|Year : 2017 | Volume
| Issue : 4 | Page : 134-137
Light microscopic examination of the anterior chamber cells in uveitis
Eiman Abd El-Latif
Department of Ophthalmology, Faculty of Medicine, Alexandria University, Alexandria, Egypt
|Date of Submission||01-Jul-2017|
|Date of Acceptance||30-Jul-2017|
|Date of Web Publication||8-Mar-2018|
Eiman Abd El-Latif
5 Soliman Mahmoud Street, Cleopatra, Alexandria 32112
Source of Support: None, Conflict of Interest: None
Background Uveitis is a serious ocular condition with potentially blinding complications. It can be a sign of a large number of disorders with diverse etiologies, both infectious and noninfectious.
Methods A prospective study was done on patients who presented with uveitis and grade 4 anterior chamber cells. A 0.1 ml aqueous sample was withdrawn under aseptic conditions in the operation theatre. All samples were prepared and examined by the same pathologist.

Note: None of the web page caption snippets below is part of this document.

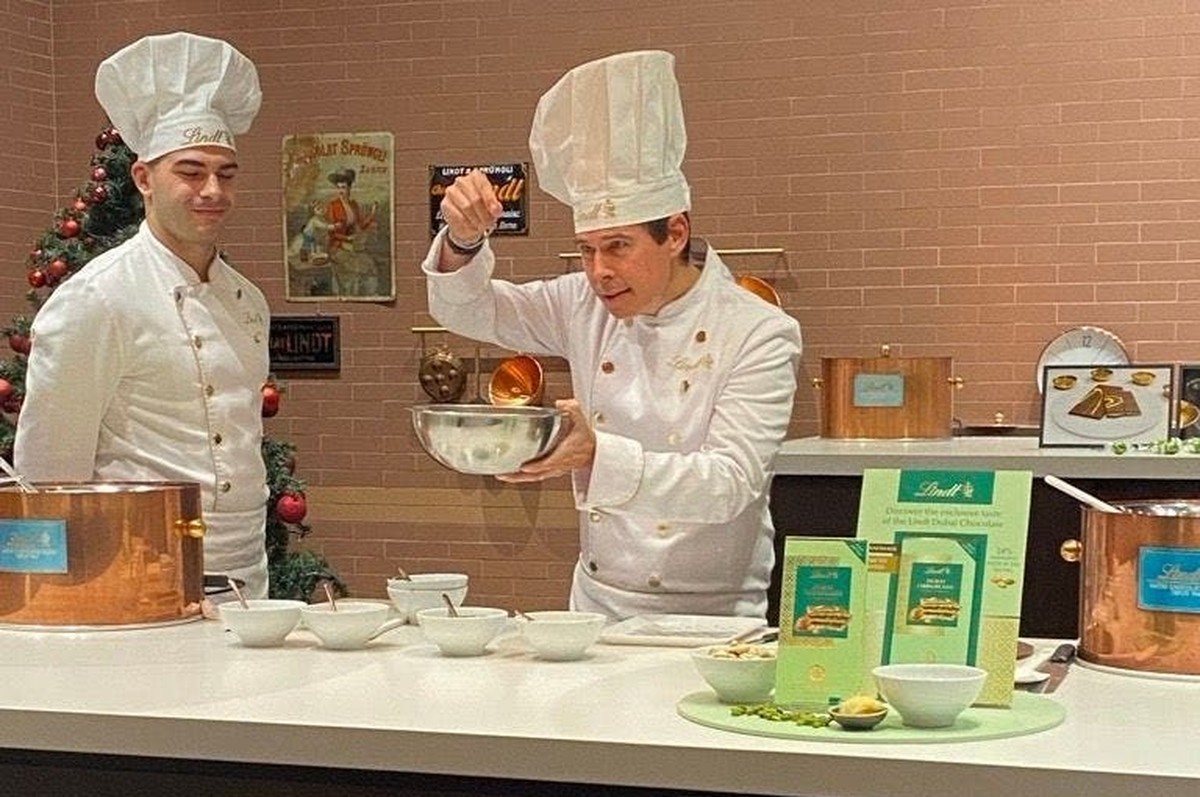 C'est lui qui se cache derrière le chocolat de Dubaï de Lindt &amp; Sprüngli : Stefan Bruderer (à droite), développeur de produits et maître chocolatier.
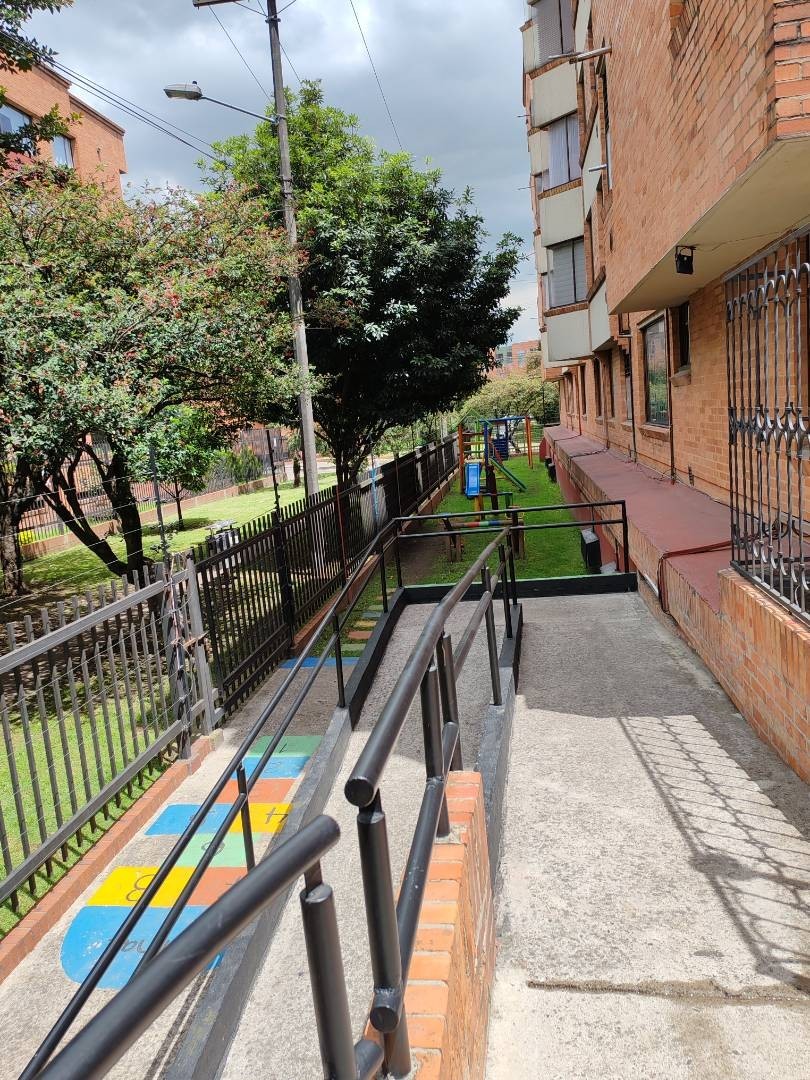 Apartamento en venta en Modelia, Bogotá · foto 8 de 24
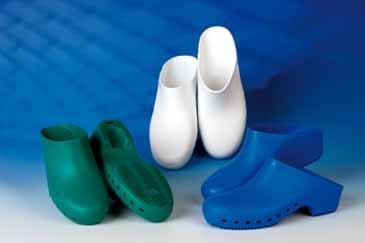 Mit gelochter Oberfläche für optimale Fußbelüftung oder in glatter, geschlossener Form für Nassbereiche.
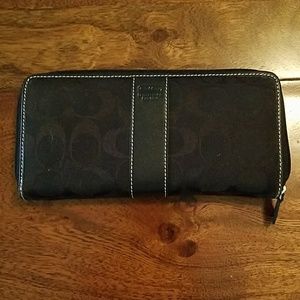 Black Coach Accordian Zip Wallet Signature PVC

Results Light microscopic examination of the aqueous sample from the 16 eyes with a hypopyon revealed predominant neutrophils. On the other hand, light microscopic examination of the aqueous sample from the 22 eyes without a hypopyon revealed predominant lymphocytes.
Discussion The convection currents of the aqueous can be regarded as a vertically oriented centrifuge. Some centrifugal force is exerted on the particles suspended in the aqueous humor, and examples of these particles are inflammatory cells in anterior uveitis.
Conclusion The predominant type of inflammatory cells is not the same in all cases of anterior uveitis.
Keywords: anterior chamber cells, uveitis
|How to cite this article:|
El-Latif EA. Light microscopic examination of the anterior chamber cells in uveitis. J Egypt Ophthalmol Soc 2017;110:134-7
| Introduction|| |
Uveitis is a serious ocular condition with potentially blinding complications. It can be a sign of a large number of disorders with diverse etiologies, both infectious and noninfectious. Moreover, it can be the first presentation of some systemic diseases, thereby adding to the challenge the ophthalmologist faces reaching the exact diagnosis.
Anterior uveitis is the most common form of uveitis. Active anterior uveitis is characterized by the presence of inflammatory cells in the anterior chamber (AC), and their number reflects disease severity. Hypopyon is a feature of intense inflammation in which cells settle in the inferior part of the AC and form a horizontal level. It has long been known that grade 4 AC cells are associated with development of a hypopyon in uveitis associated with certain diseases such as ankylosing spondylitis and Behçet’s disease, whereas a similar grade of cells is not known to be associated with a hypopyon in uveitis associated with diseases such as sarcoidosis and juvenile idiopathic arthritis for example .
The authors hypothesized that not all eyes with anterior uveitis and grade 4 AC cells tend to develop a hypopyon because the type of inflammatory cells in the AC might be different. The aim of this study was to test this hypothesis by performing light microscopic examination of samples from the aqueous humor of eyes with active anterior uveitis with grade 4 aqueous cells, some of them displaying a hypopyon, and others lacking a hypopyon, in an attempt to gain insight into the predominant type of cells in each of these categories.
| Methods|| |
This study was approved by the Alexandria University Faculty of Medicine Research Ethics Committee and followed the tenets of the Declaration of Helsinki.
A prospective study was conducted on patients who presented with uveitis and grade 4 AC cells to the Outpatient Clinic of the Ophthalmology Department of the Main University Hospital in Alexandria, Egypt, between April 2015 and May 2016. Patients, of any age and of either sex, who presented with uveitis showing grade 4 AC cells, with or without a hypopyon, were included. Another inclusion requisite was having a systemic disease, known to be associated with uveitis, diagnosed by the patient’s treating internist. The included patients had either Behçet’s disease or ankylosing spondylitis, confirmed by the treating rheumatologist, sarcoidosis confirmed by the treating pulmonologist, or juvenile idiopathic arthritis stated by the pediatric rheumatologist.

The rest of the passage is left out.